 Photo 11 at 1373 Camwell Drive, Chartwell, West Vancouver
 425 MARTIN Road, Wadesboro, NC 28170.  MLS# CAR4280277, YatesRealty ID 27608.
* * *
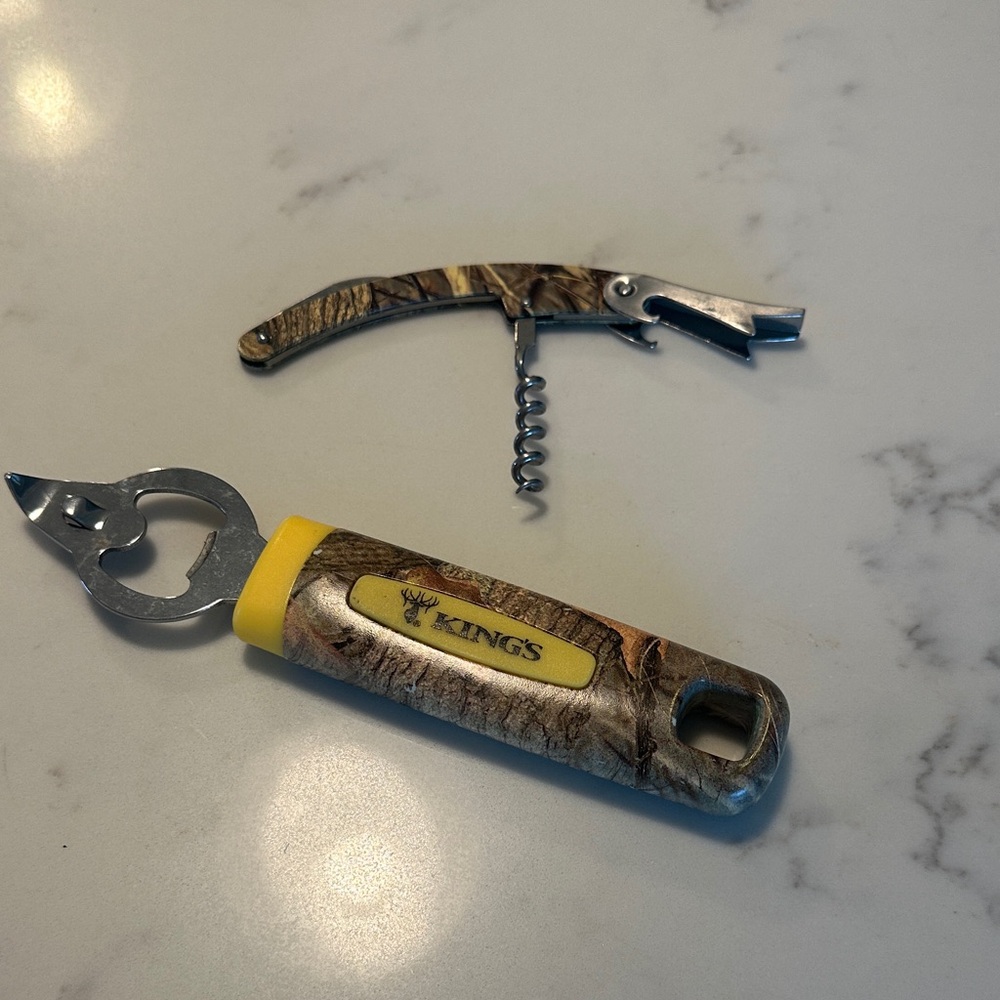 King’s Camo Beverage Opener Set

Work item.
Return exactly, and only, the lines above starting at the line that contains "Photo 11 at" and ending at the line that contains "425 MARTIN Road, Wadesboro, NC".

Answer box.
 Photo 11 at 1373 Camwell Drive, Chartwell, West Vancouver
 425 MARTIN Road, Wadesboro, NC 28170.  MLS# CAR4280277, YatesRealty ID 27608.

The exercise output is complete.